The song was revived by Frankie Laine in 1952, and recorded again in 1956 by Patience and Prudence, whose version reached #4 on the Billboard charts; they recorded it again in 1964.  It was also recorded in 1956 by Lawrence Welk with The Lennon Sisters, and by the duo of Karen Chandler and Jimmy Wakely. In 1964 "Tonight You Belong to Me" was recorded by George Maharis in a sweet swing style on the Epic label.

In 1977, "Tonight You Belong to Me" was recorded by American country music artist Dottie West. It was released as a single, peaking at number 30 on the Billboard Hot Country Singles chart in August 1977. The song was then issued on West's 1977 studio album When It's Just You and Me.

Commercial usage
The version sung by Patience and Prudence was used by eBay as a commercial theme. It was featured in a 2012 TV commercial for Scandinavian Airlines.  This version was also featured in the ending credits of the 2004 film Birth.

In 2011, the Patience and Prudence rendition was featured in four episodes of American Horror Story. The first was in the Pilot episode, as the twins, Troy and Byron, begin trashing the house with baseball bats. The second was during the season finale, "Afterbirth", as the new homeowners run screaming from the home.

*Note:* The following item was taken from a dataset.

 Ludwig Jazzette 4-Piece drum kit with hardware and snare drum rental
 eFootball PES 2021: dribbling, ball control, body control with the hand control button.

It was later featured in the series’ eighth-season premiere, “The End as well as the sixth episode "Return to Murder House".”

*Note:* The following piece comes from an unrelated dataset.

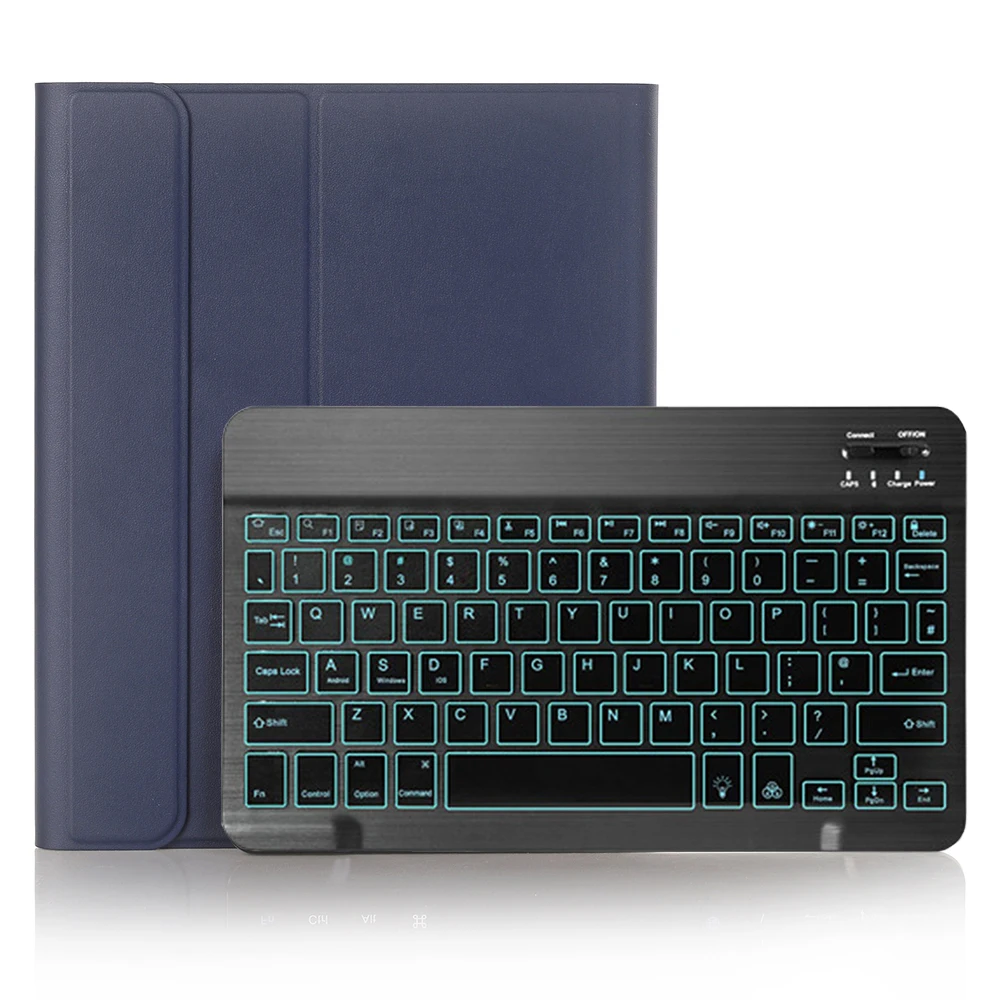 Blue with Black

The song was sung as a duet by Steve Martin and Bernadette Peters in the 1979 film The Jerk, with accompaniment on ukulele and cornet.

The song was covered by Eddie Vedder and Chan Marshall (of Cat Power) on Vedder's second solo album, Ukulele Songs (2011).

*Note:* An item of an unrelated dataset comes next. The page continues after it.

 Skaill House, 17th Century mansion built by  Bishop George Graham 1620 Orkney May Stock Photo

The song is featured in a 2013 TV commercial and internet for Milka named "Le dernier carré"

The song was sung by Sutton Foster and Hunter Foster in episode fourteen ("The Astronaut and the Ballerina") of 'Bunheads' (2013). 

In the 2018 the Patience and Prudence version was featured in episode six, entitled "Amour Fou", of Netflix's series,  You_(TV_series).

In the 2019 film ‘’Blackbird,’’ Susan Sarandon, Kate Winslet, and Mia Wasikowska sing it, and their version later plays over the credits.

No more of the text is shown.